The multi-year deal ESPN signed to be the exclusive U.S. broadcaster of the Canadian Football League last June appears to have worked out for them so far, as the network’s upping its CFL content on both television and streaming platforms for 2015. ESPN announced the numbers of games it will air and the first part of its CFL schedule Wednesday, and the numbers are a significant increase over last year. That suggests the CFL is providing useful content for ESPN, especially as a decent form of football during the summer months before the start of the NFL and NCAA seasons. As ESPN senior vice-president (programming acquisitions) Burke Magnus said last summer, this is all part of providing year-round content for football fans:
“Since the early days of ESPN, CFL games have been a valued part of our programming lineup,” said Burke Magnus, Senior Vice President, Programming Acquisitions. “I’m proud to see our relationship continue as we strive to serve football fans 365 days a year.”
In 2015, there will be 20 CFL games televised on ESPN channels as well as streamed via WatchESPN, plus another 69 available exclusively through WatchESPN’s ESPN3. That’s a total of 89 games, including all 81 regular-season games, four playoff games, the Grey Cup championship game, and three preseason games. Last year saw 17 games televised and the rest of the regular season and playoffs (69 games) streamed, but streaming preseason games is new. It’s notable that many preseason games aren’t even televised in Canada; broadcaster TSN is only airing six of the nine games. Having some of those games shown south of the border is a step forward for the CFL.

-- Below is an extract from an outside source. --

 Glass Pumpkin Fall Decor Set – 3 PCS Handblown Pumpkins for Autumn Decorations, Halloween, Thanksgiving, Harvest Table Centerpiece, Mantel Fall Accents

The CFL and ESPN relationship seems to be working for both parties. It’s very low-cost programming for ESPN, as they’re only taking the TSN feeds (remember, ESPN owns 20 per cent of TSN) rather than sending their own announcers and crews the way they did during the 1990s (when CFL broadcasts featured the likes of Gus Johnson and Mike Mayock). The ability to offer comprehensive CFL coverage with their streaming service while only airing some of the games on actual television also works out for ESPN; it lets them run the CFL when it works for them from a programming and ratings standpoint (mostly in the summer) without committing to air it at awkward times when other programming might draw better numbers, and it lets them largely avoid complaints from U.S. CFL fans because the games not aired on television are still streamed. Having the CFL be an exclusive ESPN property (which only started last year; previous deals had seen CFL games shown on the NFL Network and NBC Sports Network as well), and one signed to a multi-year deal, also gives the network incentive to promote the league.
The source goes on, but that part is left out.